Having concluded that the Court should order that the caveats be withdrawn, his Honour nevertheless addressed the balance of convenience. He found that it strongly favoured the withdrawal of the caveats, given that Business Finance had been in possession of the properties since December 2018, had made efforts to sell the properties since about February 2019, and Mr Mudge had not, at any stage, taken action to preclude the continuation of that process, even though he had raised numerous complaints about the process as well as numerous arguments to the effect that the sale process was in some way illegal or invalid. His Honour also noted that, although the properties had been placed back on the market in late 2020 with a view of selling them in February or March 2021, and Mr Mudge was plainly aware of that, no action was taken by Mr Mudge to enjoin the process.
[2]
Subsequent events
Following the 21 May orders, the sale of the properties completed on 25 May 2021. The net proceeds of sale were applied by Business Finance to the amount owing by Seraphim under the loan, but were insufficient to repay the loan in full. According to Mr Ayres, there is a shortfall of $4,605,187.83 as at 6 September 2021 owing by Mr Mudge as guarantor.

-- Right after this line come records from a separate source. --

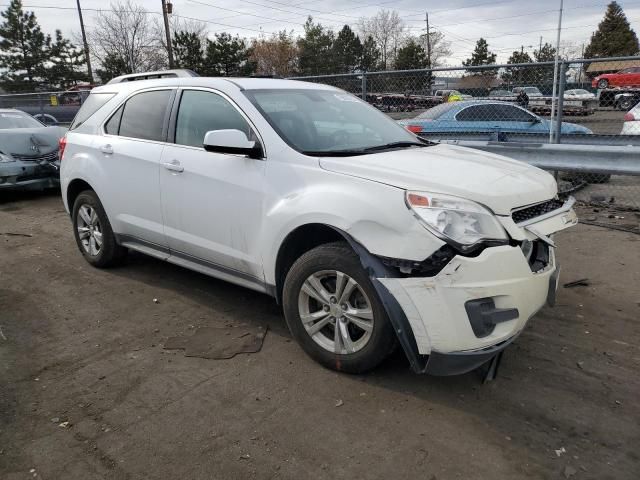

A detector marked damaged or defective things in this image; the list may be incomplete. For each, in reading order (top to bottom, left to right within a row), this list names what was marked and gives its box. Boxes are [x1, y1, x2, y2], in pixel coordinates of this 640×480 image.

damaged bumper [0, 158, 59, 190]
cracked headlight [408, 191, 508, 251]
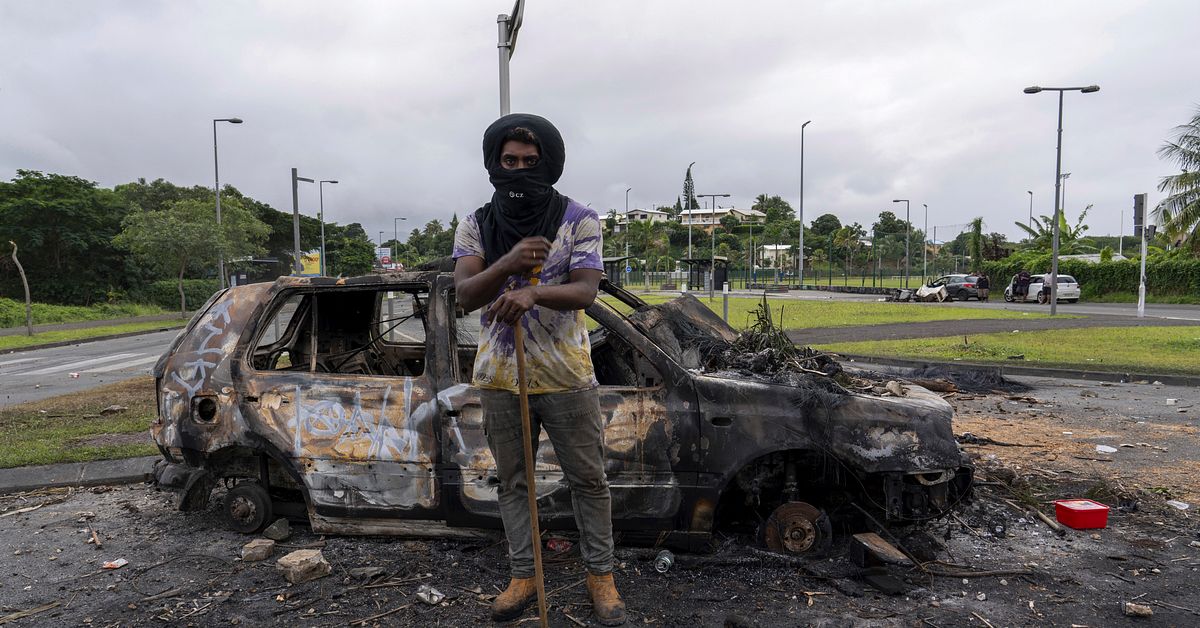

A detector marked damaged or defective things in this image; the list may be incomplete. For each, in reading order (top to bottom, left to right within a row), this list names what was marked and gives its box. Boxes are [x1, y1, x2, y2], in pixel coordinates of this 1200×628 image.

burnt tire [223, 485, 272, 533]
burnt car door [236, 282, 444, 523]
charred car body [152, 272, 974, 552]
burned car wreck [152, 274, 974, 554]
burnt car door [439, 284, 696, 530]
rusted wheel rim [768, 504, 825, 552]
burnt tire [763, 504, 830, 557]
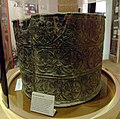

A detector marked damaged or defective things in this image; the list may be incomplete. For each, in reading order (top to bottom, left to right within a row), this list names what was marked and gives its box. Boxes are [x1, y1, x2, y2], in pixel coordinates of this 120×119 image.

corroded metal texture [12, 13, 105, 107]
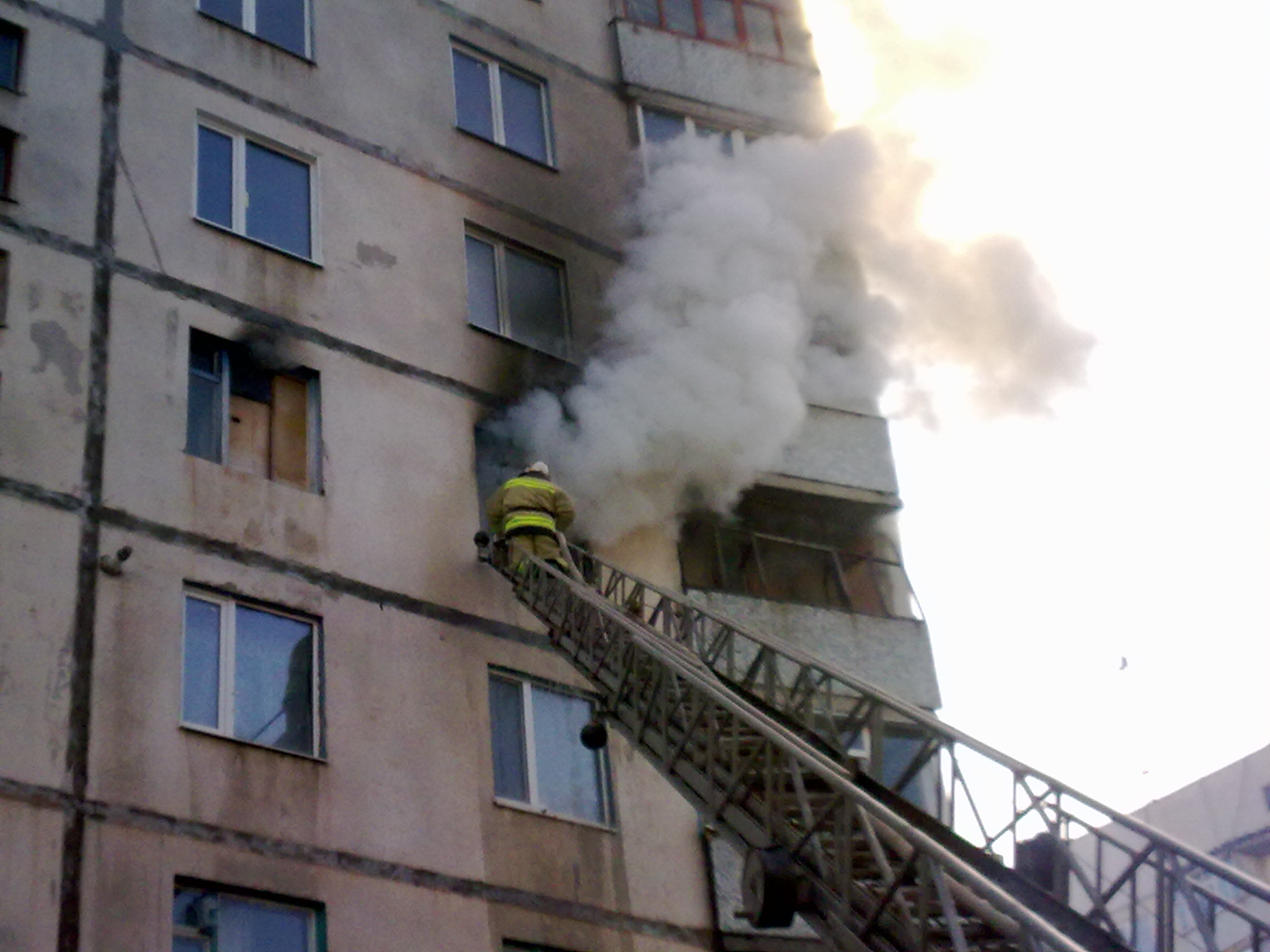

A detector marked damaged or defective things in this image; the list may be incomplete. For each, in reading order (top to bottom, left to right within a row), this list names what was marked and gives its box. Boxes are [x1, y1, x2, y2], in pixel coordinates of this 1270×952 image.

broken window [197, 0, 311, 58]
broken window [457, 45, 556, 165]
broken window [198, 119, 320, 261]
peeling paint on wall [28, 321, 84, 395]
broken window [185, 327, 320, 492]
broken window [464, 227, 569, 360]
broken window [184, 589, 322, 761]
broken window [487, 670, 612, 827]
broken window [174, 883, 322, 949]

The significant disproportion between the sale price and the ultimate shortfall seems to be a consequence of the extraordinarily high default interest rate under the mortgage; 60 per cent per annum, reducible to 15 per cent upon prompt payment. It is not necessary to consider whether the interest provision in the mortgage constitutes an unenforceable penalty (Paciocco v Australia and New Zealand Banking Group Limited (2016) 258 CLR 525; [2016] HCA 28), and if so, what consequences would follow in terms of the calculation of the amount owed by Mr Mudge to Business Finance.
[3]
Proposed appeal
Mr Mudge was self-represented on this application, as he was in the Court below. He has not served a draft notice of appeal as required by UCPR, r 51.12(2)(d). Accordingly, it is necessary to turn to his written summary of argument to identify the basis of the proposed appeal.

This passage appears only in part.